Search code examples
vbaexcelexcel-2013

Fuzzy string matching optimization (not checking certain words) - Excel VBA function


I have a function in Excel that calculates the Levenshtein Distance between two strings (the number of insertions, deletions, and/or substitutions needed to transform one string into another). I am using this as part of a project I'm working on that involves "fuzzy string matching."

Below you will see the code for the LevenshteinDistance function and a valuePhrase function. The latter exists for the purposes of executing the function in my spreadsheet. I have taken this from what I read in this thread.

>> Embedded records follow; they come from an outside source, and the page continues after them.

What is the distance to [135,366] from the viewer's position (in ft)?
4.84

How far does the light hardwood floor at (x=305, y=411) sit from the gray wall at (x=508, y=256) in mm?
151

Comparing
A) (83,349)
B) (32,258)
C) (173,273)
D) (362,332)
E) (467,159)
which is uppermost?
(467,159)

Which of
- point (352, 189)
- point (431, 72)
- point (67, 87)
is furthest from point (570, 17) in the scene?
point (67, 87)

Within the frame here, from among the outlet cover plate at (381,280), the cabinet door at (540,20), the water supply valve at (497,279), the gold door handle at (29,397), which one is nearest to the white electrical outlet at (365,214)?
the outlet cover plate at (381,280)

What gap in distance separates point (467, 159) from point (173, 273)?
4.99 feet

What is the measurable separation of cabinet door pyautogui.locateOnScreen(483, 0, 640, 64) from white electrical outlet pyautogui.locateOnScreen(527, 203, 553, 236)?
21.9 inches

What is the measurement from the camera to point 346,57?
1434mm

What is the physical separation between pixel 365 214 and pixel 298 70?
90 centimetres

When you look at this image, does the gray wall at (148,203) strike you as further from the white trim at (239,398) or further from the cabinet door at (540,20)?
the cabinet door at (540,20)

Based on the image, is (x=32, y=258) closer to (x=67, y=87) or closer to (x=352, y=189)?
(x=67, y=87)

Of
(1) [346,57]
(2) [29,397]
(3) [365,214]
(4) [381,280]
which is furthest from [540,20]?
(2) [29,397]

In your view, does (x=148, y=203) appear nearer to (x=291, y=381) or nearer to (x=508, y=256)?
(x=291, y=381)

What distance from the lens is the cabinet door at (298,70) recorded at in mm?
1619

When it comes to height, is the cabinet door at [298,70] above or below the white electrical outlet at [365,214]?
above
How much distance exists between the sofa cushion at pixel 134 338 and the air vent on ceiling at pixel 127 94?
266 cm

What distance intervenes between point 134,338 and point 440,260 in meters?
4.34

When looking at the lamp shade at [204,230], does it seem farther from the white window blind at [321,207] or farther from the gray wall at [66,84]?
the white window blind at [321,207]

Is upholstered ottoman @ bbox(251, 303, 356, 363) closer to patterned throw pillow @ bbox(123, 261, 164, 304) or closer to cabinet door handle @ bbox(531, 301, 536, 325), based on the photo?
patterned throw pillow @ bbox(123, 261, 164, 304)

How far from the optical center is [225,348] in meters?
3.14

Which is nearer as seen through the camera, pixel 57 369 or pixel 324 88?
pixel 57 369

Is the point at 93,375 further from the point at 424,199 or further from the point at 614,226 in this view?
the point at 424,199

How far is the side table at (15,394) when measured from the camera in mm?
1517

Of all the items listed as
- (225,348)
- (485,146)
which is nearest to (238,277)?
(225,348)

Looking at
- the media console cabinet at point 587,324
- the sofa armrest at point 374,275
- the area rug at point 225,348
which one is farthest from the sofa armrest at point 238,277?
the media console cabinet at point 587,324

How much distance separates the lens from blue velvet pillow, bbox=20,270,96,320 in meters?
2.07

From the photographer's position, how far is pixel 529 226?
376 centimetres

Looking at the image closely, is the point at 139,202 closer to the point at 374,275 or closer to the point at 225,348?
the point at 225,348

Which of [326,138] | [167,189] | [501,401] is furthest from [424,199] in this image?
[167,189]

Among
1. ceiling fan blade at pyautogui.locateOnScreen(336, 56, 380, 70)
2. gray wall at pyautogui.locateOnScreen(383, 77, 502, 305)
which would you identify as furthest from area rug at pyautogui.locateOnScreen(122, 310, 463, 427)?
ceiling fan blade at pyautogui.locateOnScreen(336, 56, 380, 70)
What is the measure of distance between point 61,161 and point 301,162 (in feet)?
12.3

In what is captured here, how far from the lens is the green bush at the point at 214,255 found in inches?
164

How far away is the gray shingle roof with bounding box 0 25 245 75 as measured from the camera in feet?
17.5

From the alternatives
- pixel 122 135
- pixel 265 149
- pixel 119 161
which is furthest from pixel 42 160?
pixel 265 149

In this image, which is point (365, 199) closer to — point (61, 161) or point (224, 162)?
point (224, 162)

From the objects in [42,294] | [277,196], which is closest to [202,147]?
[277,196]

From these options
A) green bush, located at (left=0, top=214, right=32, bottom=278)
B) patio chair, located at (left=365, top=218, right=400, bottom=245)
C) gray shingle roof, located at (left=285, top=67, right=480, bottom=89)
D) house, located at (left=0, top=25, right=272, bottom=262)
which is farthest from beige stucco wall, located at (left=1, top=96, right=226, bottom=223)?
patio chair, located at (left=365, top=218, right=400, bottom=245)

'Calculate the Levenshtein Distance between two strings (the number of insertions,
'deletions, and substitutions needed to transform the first string into the second)`

Public Function LevenshteinDistance(ByRef S1 As String, ByVal S2 As String) As Long
    Dim L1 As Long, L2 As Long, D() As Long 'Length of input strings and distance matrix
    Dim i As Long, j As Long, cost As Long 'loop counters and cost of 
        'substitution for current letter
    Dim cI As Long, cD As Long, cS As Long 'cost of next Insertion, Deletion and 
        Substitution

    L1 = Len(S1): L2 = Len(S2)
    ReDim D(0 To L1, 0 To L2)
    For i = 0 To L1: D(i, 0) = i: Next i
    For j = 0 To L2: D(0, j) = j: Next j

    For j = 1 To L2
        For i = 1 To L1
            cost = Abs(StrComp(Mid$(S1, i, 1), Mid$(S2, j, 1), vbTextCompare))
            cI = D(i - 1, j) + 1
            cD = D(i, j - 1) + 1
            cS = D(i - 1, j - 1) + cost
            If cI <= cD Then 'Insertion or Substitution
                If cI <= cS Then D(i, j) = cI Else D(i, j) = cS
            Else 'Deletion or Substitution
                If cD <= cS Then D(i, j) = cD Else D(i, j) = cS
            End If
        Next i
    Next j
    LevenshteinDistance = D(L1, L2)

End Function

Public Function valuePhrase#(ByRef S1$, ByRef S2$)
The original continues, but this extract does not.